We should not change the ethics law if the main reason is to make the job of the Ethics Board a little easier (which this bill would not do anyway). Meanwhile, the current standard used by some ethics board members is a good one: “If it’s something you actually want, it’s probably a gift.” That’s a reasonable enough starting point for those who would give or take gifts. The Board of Ethics should use its own mature judgment of these matters rather than ushering in a new generation of across-the-board lower ethical standards.
Don’t exempt an entire profession from the ethics code
A number of professions have tried to seek an exemption from the ethics code in order to avoid problems when contracting to provide services for the government. PAR does not want to see the state burden businesses with complicated or contradictory regulations but is opposed to the exemption of an entire category or profession from the ethics code. More limited solutions may be available.
In an age of privatization of local and state government operations, which may be beneficial, care must be taken to ensure public accountability when government authority and responsibility are delegated to private entities. Whether we are talking about state functions such as prisons or local functions such as municipal management, we would not want to create an environment ripe for unintended consequences.
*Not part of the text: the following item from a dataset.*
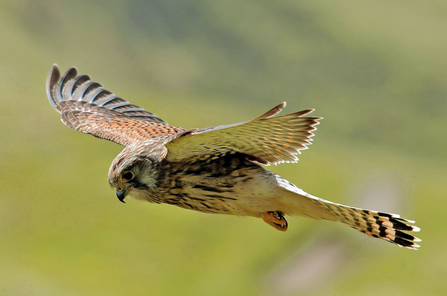 The North Devon Bird of Prey Centre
Prior attempts to enact a blanket exemption tried to exclude certain entire professions from the definition of “public employee” in the ethics law. Public employees include those engaged in the performance of a “governmental function” or those under the supervision or authority of an employee of a governmental entity. An outright professional-class exclusion is too broad a remedy and invites too many possibilities for abuse of good ethics standards. Furthermore, the exclusion of one profession can only invite the interest of other professions seeking similar treatment, resulting in the further erosion of ethics laws intended to hold accountable those who conduct the public’s business.
Good policy should prevent a situation in which a state or local government would be able to contract with private firms for the purpose of running a government program or operation without accountability. Likewise, we would like to avoid situations in which a government is hiring new employees under the guise of a “contract” with individuals for the purpose of evading the ethics law.
PAR has noted before that the state does not have a definition of “governmental function” in law or rules for the Board of Ethics, although a number of board advisory opinions over the years have offered guidance. At best, the current law is too vague. A definition of governmental function could be adopted that might address the private sector’s most legitimate concerns while preserving the integrity of the state’s ethics laws.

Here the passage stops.